Locally Linear Embeddings

What is locally-linear embedding (LLE)?

Locally-linear embedding is a method for computing low-dimensional embeddings from high-dimensional data. It is especially useful when data are distributed along nonlinear manifolds in the original high-dimensional space. Other common methods for data reduction find projections of the data onto linear components. For instance, each component of a principal component analysis corresponds to a linear plane in the original space, with the different components all orthogonal to one another. If the distribution of data is “curved” in the original space, linear embeddings can provide poor low-dimensional descriptions of the structure of the data.

Locally linear embeddings overcome this limitation by finding low-dimensional descriptions that preserve local similarity relations amongst data-points. That is, the linear distances from a given data point to its nearest neighbors will be similar in the embedding and the original data, but distances between more distal datapoints will be unrelated in the embedding and original space. By preserving the local similarity structure (ie distances to nearest neighbors only), the embedding can reveal structure in data that lies along nonlinear manifolds in the higher-dimensional space. Other embedding methods that likewise preserve local structure include tSNE and k-nearest-neighbor approaches.

In behavioral sciences, nonlinear data reduction methods are useful because, empirically, many naturally-occurring high-dimensional datasets appear to exhibit nonlinear structure. The perceptual structure of hand-written digits provides a canonical example; others might include understanding how information is represented in neural-network models, finding multivariate structure in functional brain images, characterizing patterns of movement in human kinematics or robotics, or decoding semantic structure in large corpora of natural text.

Useful videos

• Video 1{target=”_blank”} explains what the Locally linear embedding method is, elaborating on how LLE preserves the total geometry of the data while reducing the dimension.
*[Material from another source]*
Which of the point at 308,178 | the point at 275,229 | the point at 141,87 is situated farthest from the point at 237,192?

• Video 2{target=”_blank”} provides a short description of locally-linear embedding, goes through some Python code to explain each parameter of the scikit_learn code for LLE.

Applied papers

• Locally linear embedding (LLE) for MRI based Alzheimer’s disease classification. This paper applies LLE to extract characteristic MR features of brain alterations, then uses the embedding as input to a classifier trying to predict disease diagnosis.

• A facial expression recognition system based on supervised locally linear embedding. This paper applies supervised variants of LLE to develop a system for classifying the emotional expressions on images of faces.

Theory papers

• An Introduction to Locally Linear Embedding. In this scientific paper, the authors illustrated the Locally Linear Embedding method on images of lips used in audiovisual speech synthesis.

• Nonlinear Dimensionality Reduction by Locally Linear Embedding. The original paper that describes Locally Linear Embedding.

Online tutorials

• Online tutorial 1 provides Python code for computing LLEs on the MNIST dataset of handwritten digits.

• Blog post with linked Github repo. This post compares LLE with another non-linear embedding method (isomap), applied to the MNIST dataset of hand-written digits. In addition to providing a concise overview of the central ideas, it links to a GitHub repo for experimenting with these techniques.